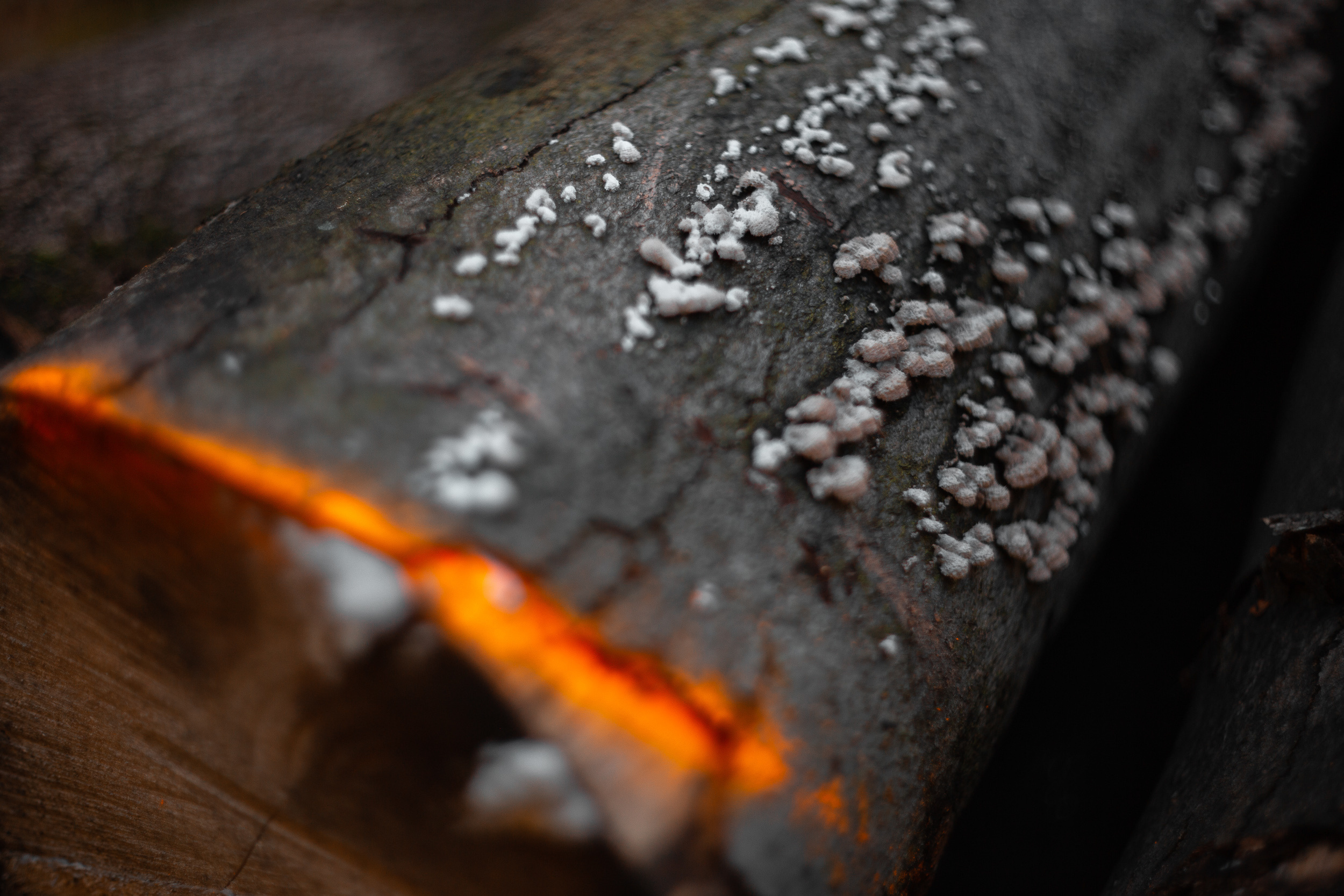 Walk with ols Soviet lenses. Dimitri Ilkov Photography — Capturing Life’s Moments in Edmonton, Cana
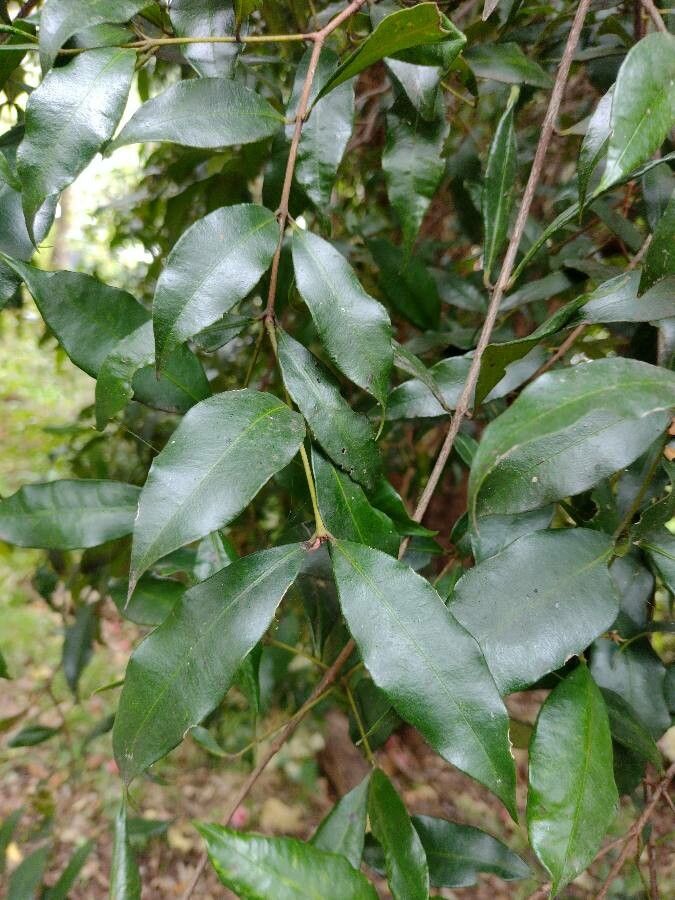 Syzygium oleosum — houseplant care guide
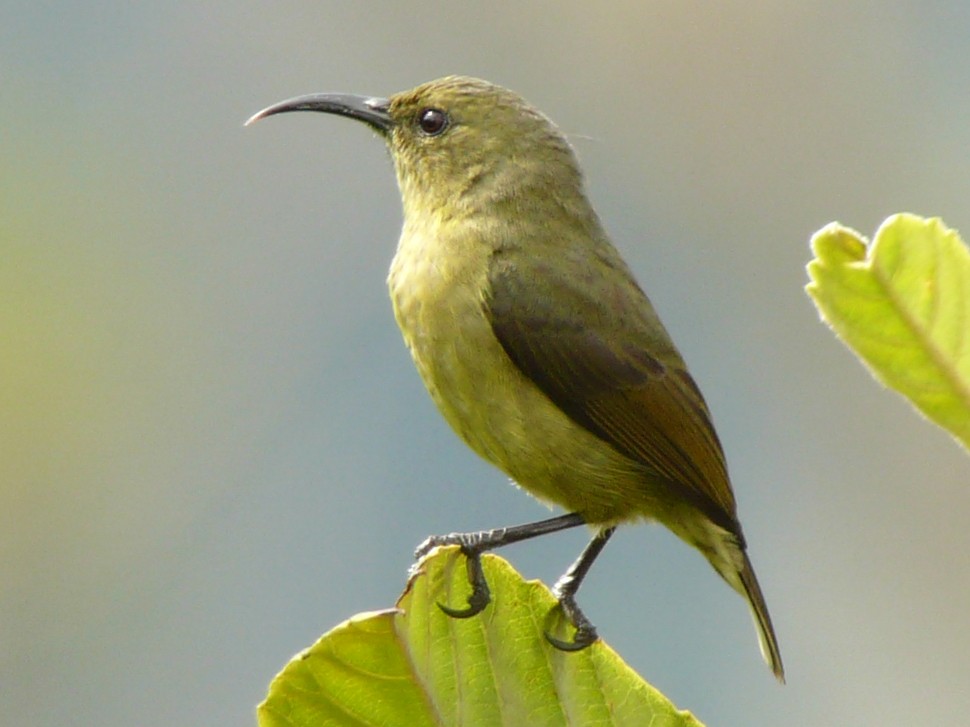 Usambara Double-collared Sunbird - Justyn Stahl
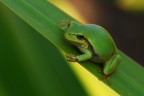 aggrappata aggrappata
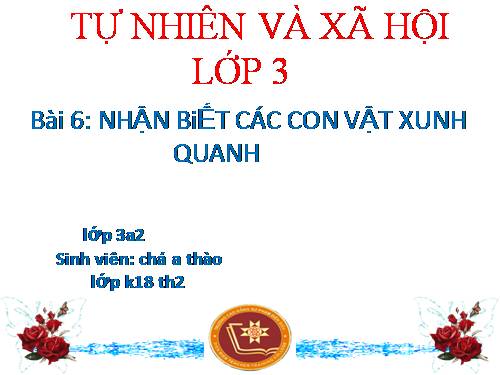 Bài 3. Nhận biết các vật xung quanh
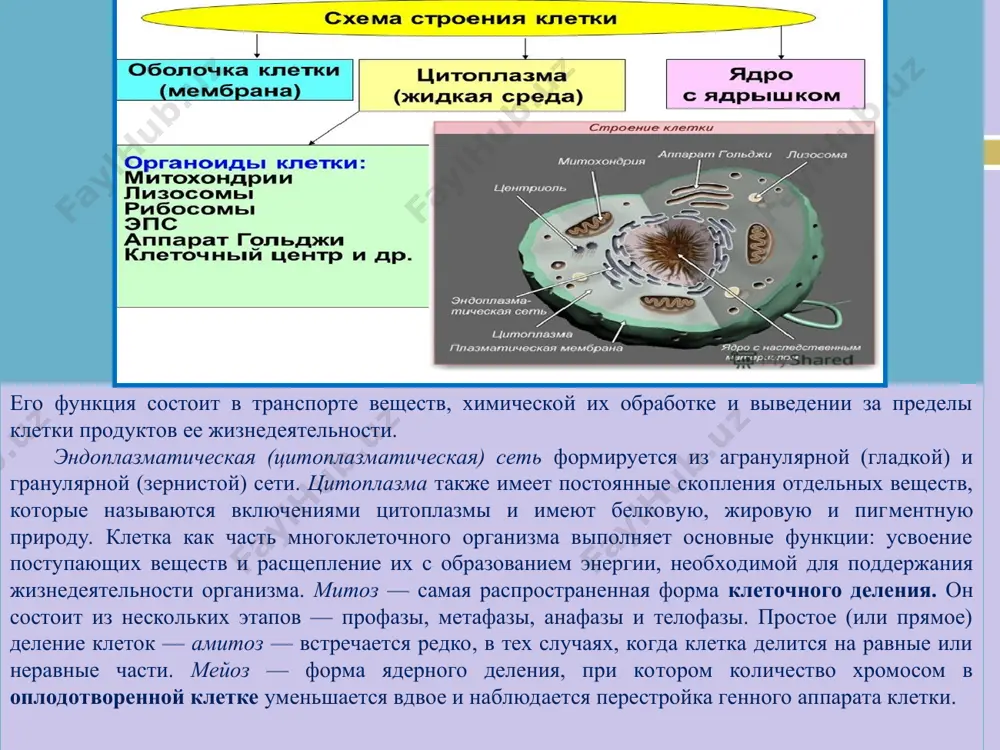 ы, цели, условия, меры и степени, уступки). определение определение - второстепенный член предложения, обозначающий признак предмета и отвечающий на вопросы какой? который? чей? определение, согласованное с подчиняющим членом в роде, числе и падеже, называется согласованным. например: сердечное сокращение; срочной госпитализации; кровеносные сосуды; неблагоприятный прогноз. согласованные определения выражаются прилагательными, местоимениями прилагательными, порядковыми числительными, количественным числительным один. определение, управляемое подчиняющим словом или примыкающее к нему, называется несогласованным. несогласованные определения выражаются формами косвенных падежей существительных без предлогов и с предлогами или же наречиями, сравнительной степенью прилагательных и инфинитивом. например: платье из шелка; яхта для прогулки; куртка из замши. дополнение дополнение - второстепенный член предложения, который чаще всего подчиняется глаголу-сказуемому и обозначает прямой или косвенный объект действия. дополнения бывают прямыми или косвенными. прямое дополнение имеет форму винительного падежа без предлога и подчиняется сказуемому, выраженному глаголом. например: врач положил на стол скальпель. косвенное дополнение может иметь форму любого косвенного падежа, кроме винительного падежа без предлога. …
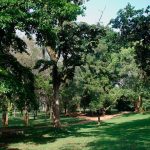 Entebbe botanical gardens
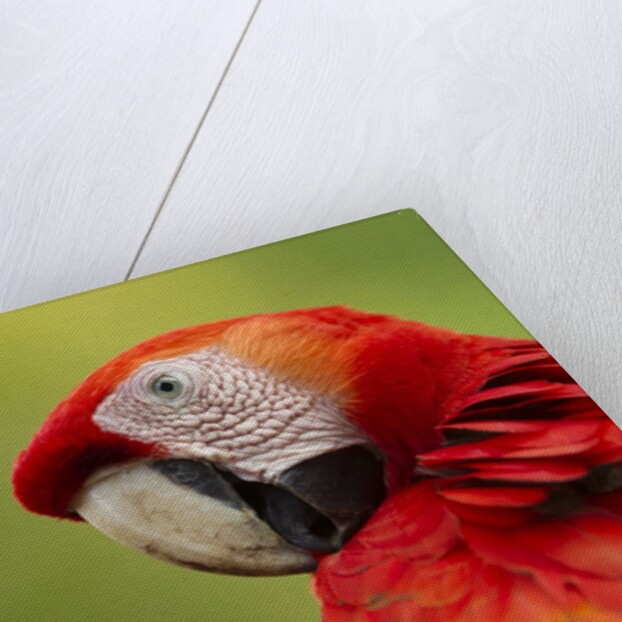 Scarlet Macaw, Costa Rica by Anonymous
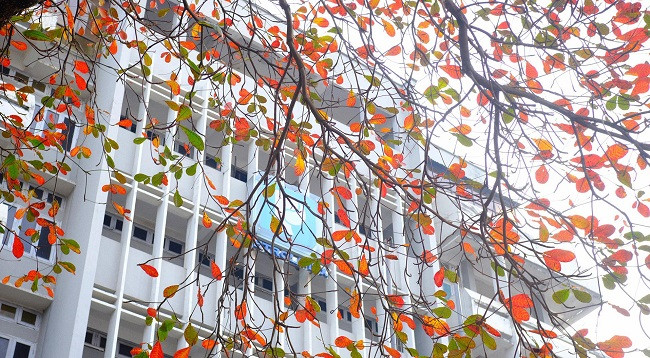 Ханой выглядит красиво во время листопада терминалии катаппы ảnh 1 Ханой выглядит красиво во время листопада терминалии катаппы ảnh 1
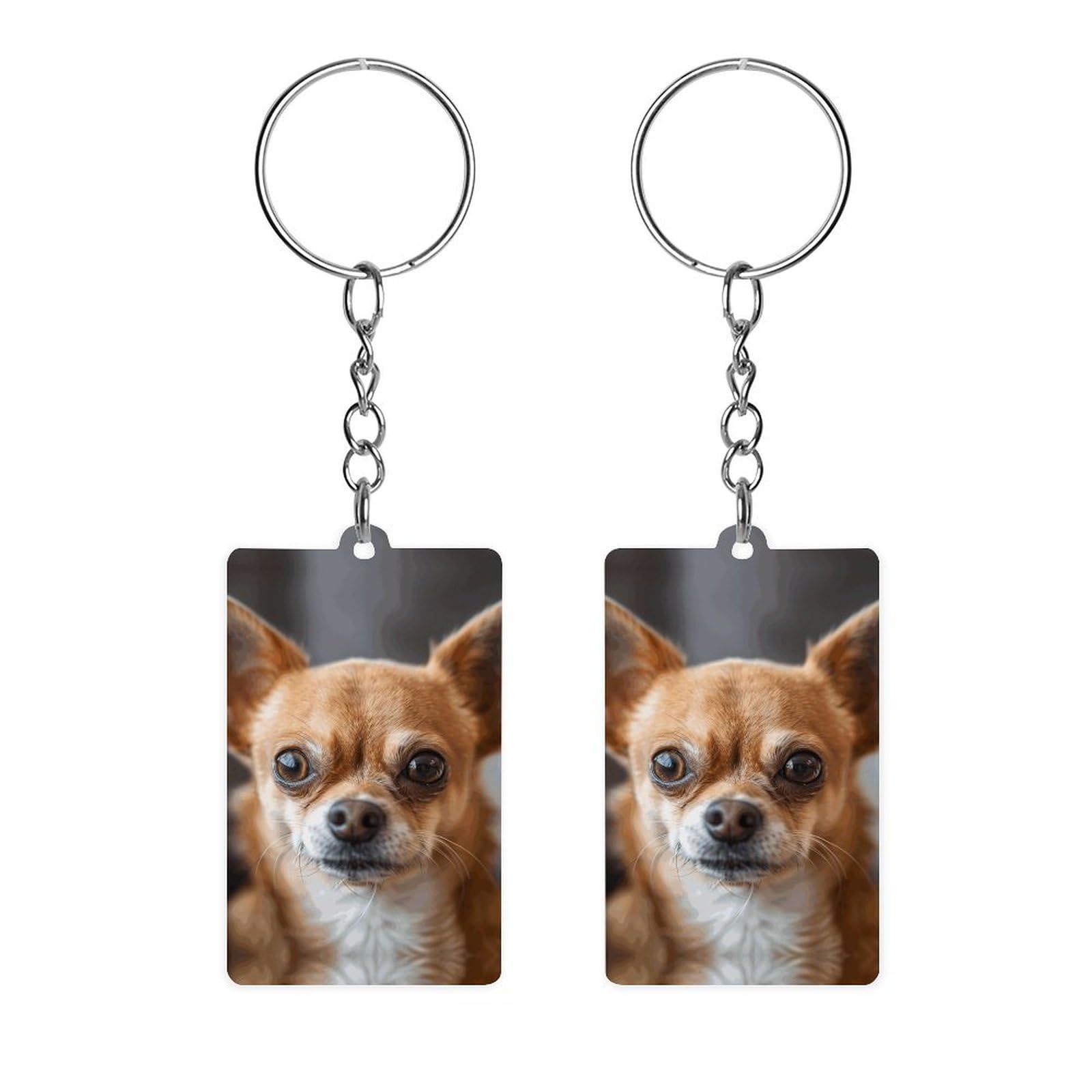 JTREHY Acrylic Double-sided Keychains, A Brown Chihuahua Printed Multi-purpose Keychains Portable Keychains with Key Chain Ring for for Key Handbag Backpack, A Brown Chihuahua, 2*1.2*0.1IN
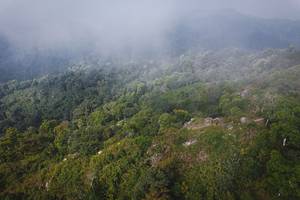 BIB: 
                            <button type="button" onclick="openModal(19592027)" class="btn btn-primary btn-sm float-right btn-popup" data-toggle="modal" data-target=".modal-high-quality">
                        <i class="fas fa-shopping-cart"></i> Add to Cart
                    </button>
                                            <button type="button" onclick="isThisMe(19592027, true)" class="btn btn-success btn-sm float-right btn-popup btn-isme hidden" data-toggle="tooltip" data-placement="bottom" title="นี่คือรูปของคุณใช่ไหม คลิกที่นี่เพื่อเอาเข้าอัลบั้ม">
                        <i class="fas fa-plus"></i> Add to album
                    </button>
                    <button type="button" onclick="isThisMe(19592027, false)" class="btn btn-warning btn-sm float-right btn-popup btn-isnotme hidden">
                        <i class="fas fa-ban"></i> Remove from album
                    </button>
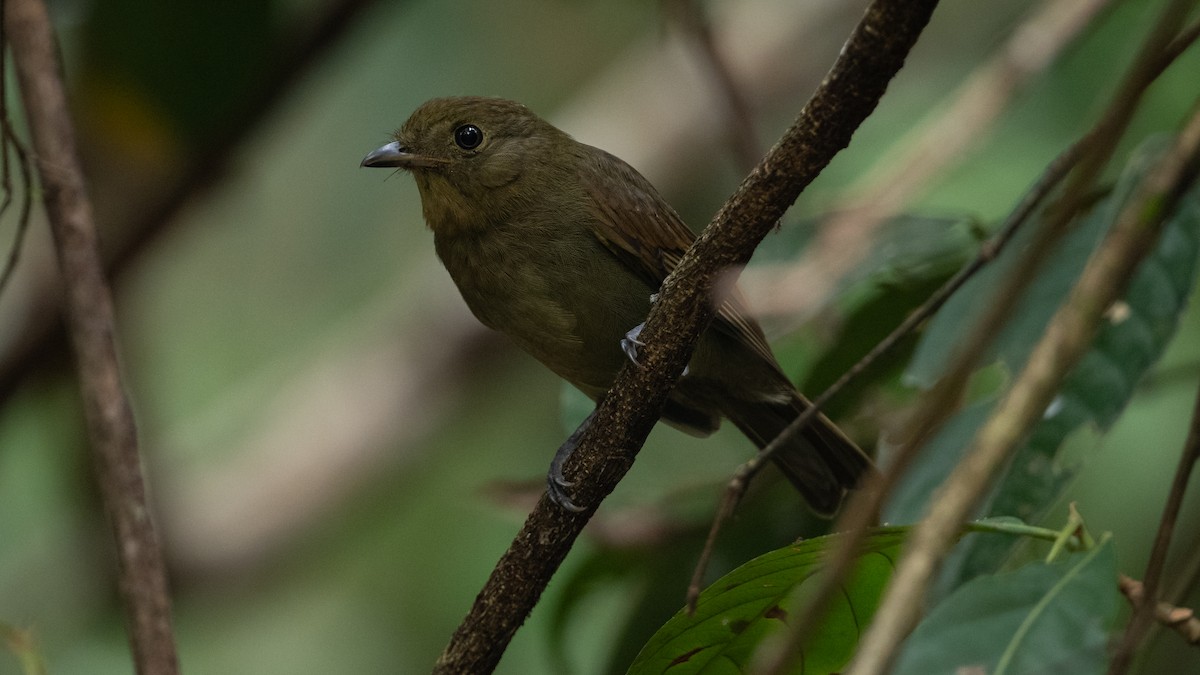 Brown-winged Schiffornis (Amazonian) - ML626253209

▶ [Required work] Nothing but the lines from the beginning of the material through the line with "Bài 3. Nhận biết các vật xung quanh" should appear, printed exactly, with no pictures among them.

▶ [Answer to this task]
 Walk with ols Soviet lenses. Dimitri Ilkov Photography — Capturing Life’s Moments in Edmonton, Cana
 Syzygium oleosum — houseplant care guide
 Usambara Double-collared Sunbird - Justyn Stahl
 aggrappata aggrappata
 Bài 3. Nhận biết các vật xung quanh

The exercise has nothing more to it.